Page MenuHomePhabricator

Updates to the section does not update the timestamp in cx_corpora table
Closed, ResolvedPublic

Description

Noticed while @Petar.petkovic reviewing https://gerrit.wikimedia.org/r/c/mediawiki/extensions/ContentTranslation/+/457410/

Here is the easy way to reproduce with going back to dashboard only once:

  1. Start fresh translation
  2. Translate one paragraph using Apertium and save ('Apertium' and 'source' entries are added to CX corpora and 20180911092929 is the timestamp)
  3. Switch to "Don't use MT" and save (entry for 'user' is added to CX corpora and timestamp is 20180911092949)
  4. Switch back to Apertium and save (previous 'Apertium' entry in the CX corpora does not update its timestamp, so 20180911092929 remains)
  5. Go back to dashboard and restore, to see blank section instead of one coming from Apertium

In 2016, to fix an issue related to database issue @Nikerabbit authored https://gerrit.wikimedia.org/r/c/mediawiki/extensions/ContentTranslation/+/273886. That patch intenationally avoided updating timestamps when translation units are updated.

That patch has a comment : "Preventing the duplicates in the first place is left as an follow-up". Looks like time for that follow up is arrived

Details

Related Gerrit Patches:
mediawiki/extensions/ContentTranslation : masterDon't convert timestamps for translation units to integer
mediawiki/extensions/ContentTranslation : masterAdd error checking to TranslationStorageManager::update

Event Timeline

Restricted Application added a subscriber: Aklapper. · View Herald TranscriptSep 11 2018, 11:22 AM
Nikerabbit added a comment.EditedSep 12 2018, 7:25 AM

This line should update the timestamp of the unit on save, is this not the case?
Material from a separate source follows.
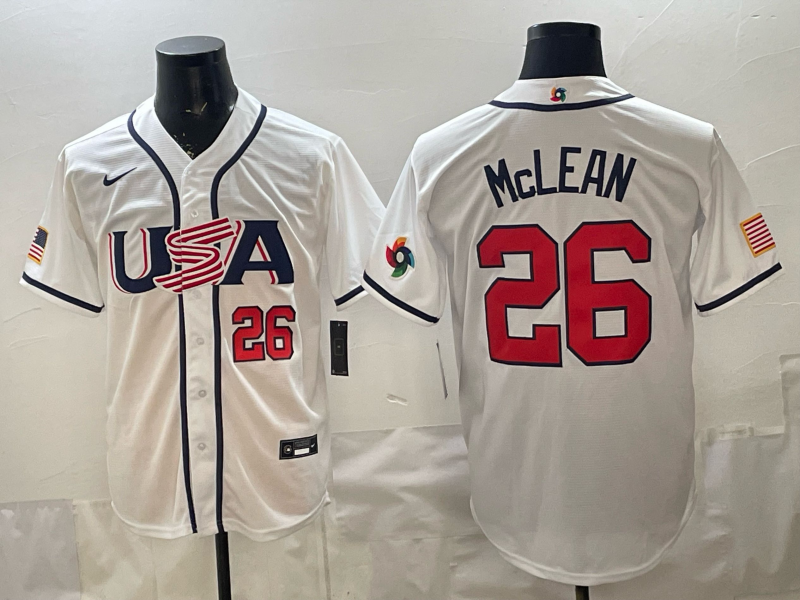Men 2026 World cup white MLB Nike jersey 001011->more jerseys->MLB Jersey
This line should update the timestamp of the unit on save, is this not the case?

You're looking at an obsolete diff. Existing timestamp is reused since this change.

This line should update the timestamp of the unit on save, is this not the case?
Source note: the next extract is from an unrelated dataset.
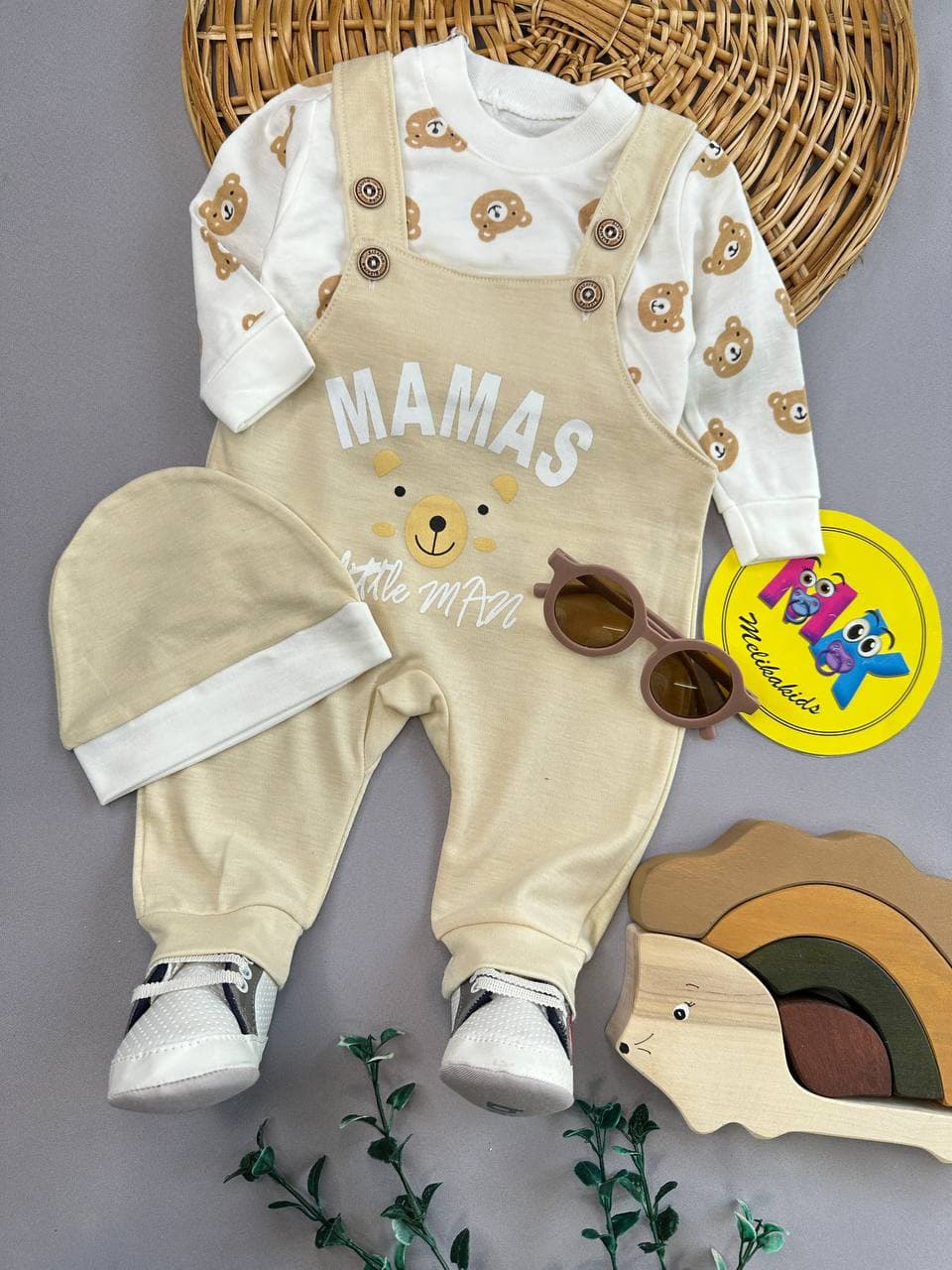 سرهمی پیشبندی تدی تمام چاپ Mama’s نوزادی و کودک کد 112125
You're looking at an obsolete diff. Existing timestamp is reused since this change.

The line is still the same after that patch too.

This line should update the timestamp of the unit on save, is this not the case?
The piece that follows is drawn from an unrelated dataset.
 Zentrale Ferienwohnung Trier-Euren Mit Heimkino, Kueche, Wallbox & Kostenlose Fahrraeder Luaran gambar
You're looking at an obsolete diff. Existing timestamp is reused since this change.

The line is still the same after that patch too.

My browser stripped the line number, so I made some wrong guesses for the line you're talking about. The timestamp isn't updated in the scenario from description of the ticket. The cause might still not be well defined, but the outcome is clear.

Change 460010 had a related patch set uploaded (by Nikerabbit; owner: Nikerabbit):
[mediawiki/extensions/ContentTranslation@master] Add error checking to TranslationStorageManager::update

https://gerrit.wikimedia.org/r/460010

That patch has a comment : "Preventing the duplicates in the first place is left as an follow-up". Looks like time for that follow up is arrived

We can do that by dropping cxc_timestamp from the unique index. I think that was my wishful thinking that we would at some point store history of these, but it only causing more issues now. We should also take advantage of cxc_id to simplify our query conditions for updates.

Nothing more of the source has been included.